Even with a proper understanding of the value of cold calls, many companies make mistakes that negate all efforts. These mistakes turn a potentially valuable channel of customer acquisition into a meaningless waste of resources.

One of the most common mistakes is setting unrealistic or too vague cold calling objectives. When a manager says, “We need more sales from cold calls,” without specifying concrete numbers or deadlines, employees don’t understand what to strive for. On the other hand, the requirement to “close two deals from every ten calls” may be completely unattainable in your niche.

The second common mistake is ignoring customer objections as a source of information. When managers hear “we’re not interested” or “we already have a supplier,” they often just end the conversation, instead of using these objections to deepen the dialogue. For example, the question “what exactly doesn’t interest you in our offer?” can open new possibilities for conversation.

The third common mistake is incorrect evaluation of effectiveness.

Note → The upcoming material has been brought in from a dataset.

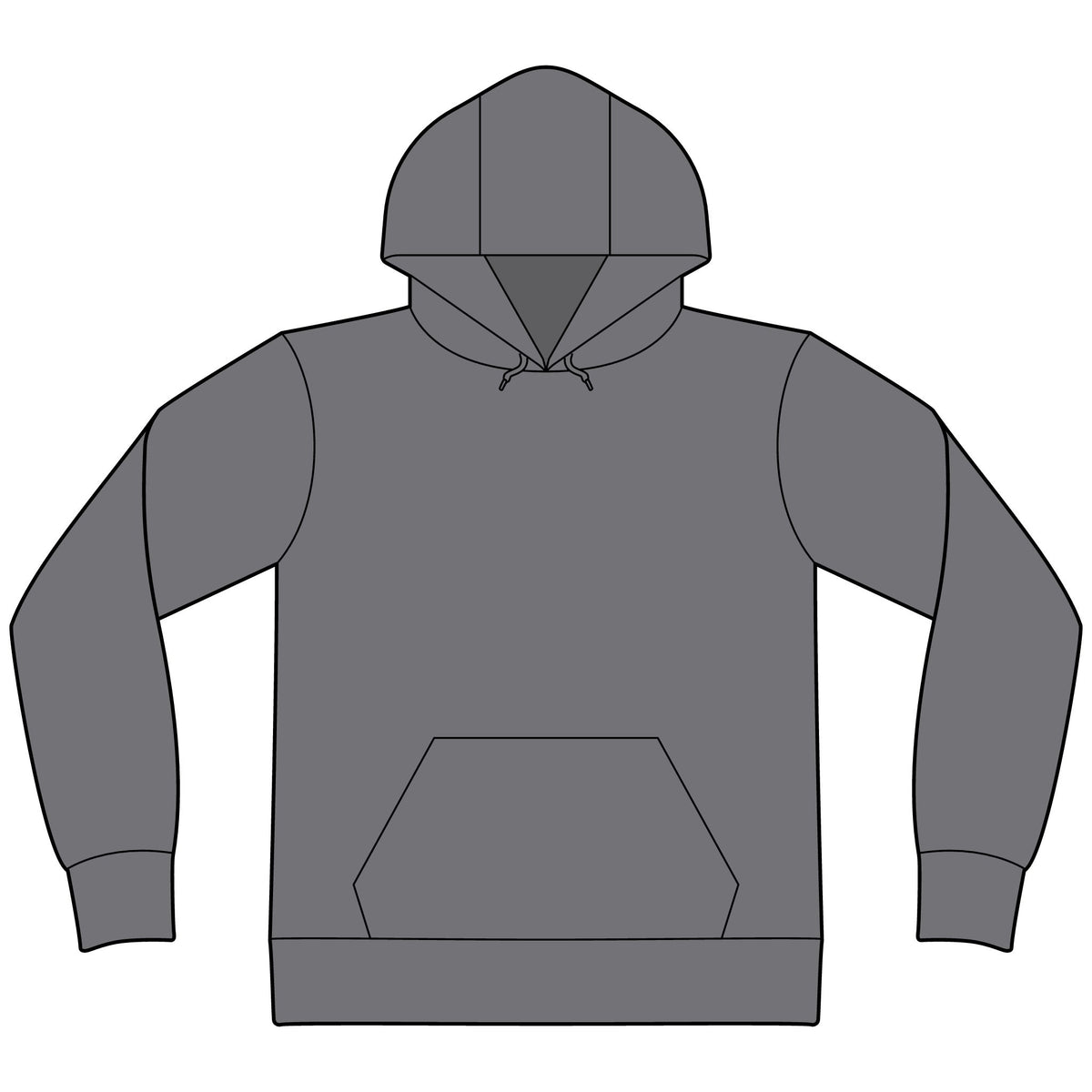 Big Jesus Fan Raglan Hooded Sweatshirt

Many companies evaluate the success of cold calls only by the end result (the deal), ignoring intermediate steps. This leads to disappointment and abandonment of a channel that could work with proper evaluation and setup.

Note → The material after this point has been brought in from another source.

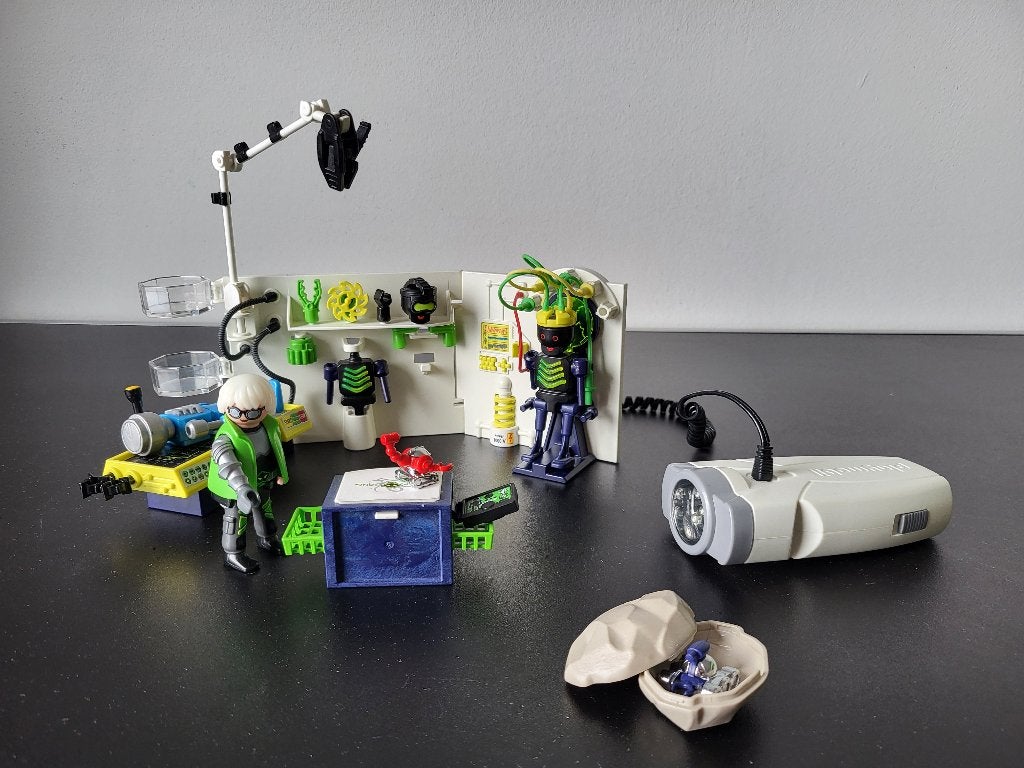 playmobil Top Agents, Ophalen, Complete set, Zo goed als nieuw, Figuren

The “one size fits all” error is also frequently encountered – using the same script and approach for all clients, regardless of their specifics. Each segment of the target audience requires its own approach, taking into account the characteristics and pain points of those particular clients.

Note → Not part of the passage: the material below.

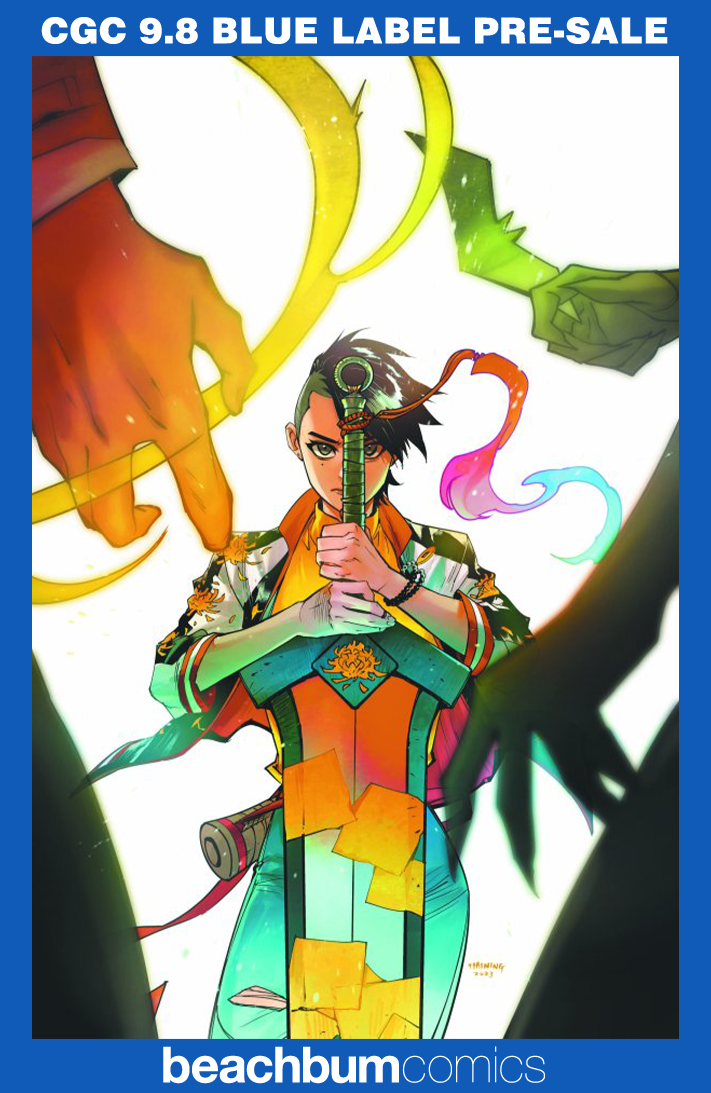 Spirit World #4 CGC 9.8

Finally, many managers make the mistake of rushing into presenting a solution without first identifying the client’s needs. This leads to the presentation missing the mark, and the client predictably loses interest.

Overcoming these mistakes requires a systematic approach: clear goal setting, regular training, results analysis, and continuous improvement of processes. Only this way can cold calls become a reliable source of new clients and sales. To develop your team’s skills, it’s worth considering cold calling training, which will help avoid most of the errors listed.

Cold Call Conversion: What It Is and How to Calculate It

Conversion is perhaps the most important parameter for evaluating the effectiveness of cold calls. But to properly use this indicator, you need to understand what it measures and how to calculate it correctly at each stage.

The first important indicator is the conversion of calls to connections. It’s calculated using the formula: (number of connections ÷ total number of calls) × 100%. This indicator is influenced by many factors: the quality of the contact base, the time of the call (it’s easier to get through at certain hours), spam filter settings on clients’ phones, and even how your number appears. The average for the B2B segment is 20-30%, although in some niches it may be significantly lower.

The second stage is the conversion of connections to meaningful conversations. This is the percentage of cases where the person didn’t hang up in the first 5-10 seconds, but listened to your offer and answered several questions. Formula: (number of conversations ÷ number of connections) × 100%. A good indicator is 40-50%.

The third and perhaps most important stage is the conversion of conversations to the next step: sending a commercial proposal, scheduling a meeting, or product demonstration. Formula: (number of agreements to the next step ÷ number of conversations) × 100%. Depending on the complexity of the product, this indicator can vary from 5% to 30%.

Finally, cold call conversion to deals. This is the final indicator, reflecting how many of the initial calls ultimately led to a sale. Formula: (number of deals ÷ total number of calls) × 100%. A typical indicator for B2B is 1-5%, for B2C it may be higher.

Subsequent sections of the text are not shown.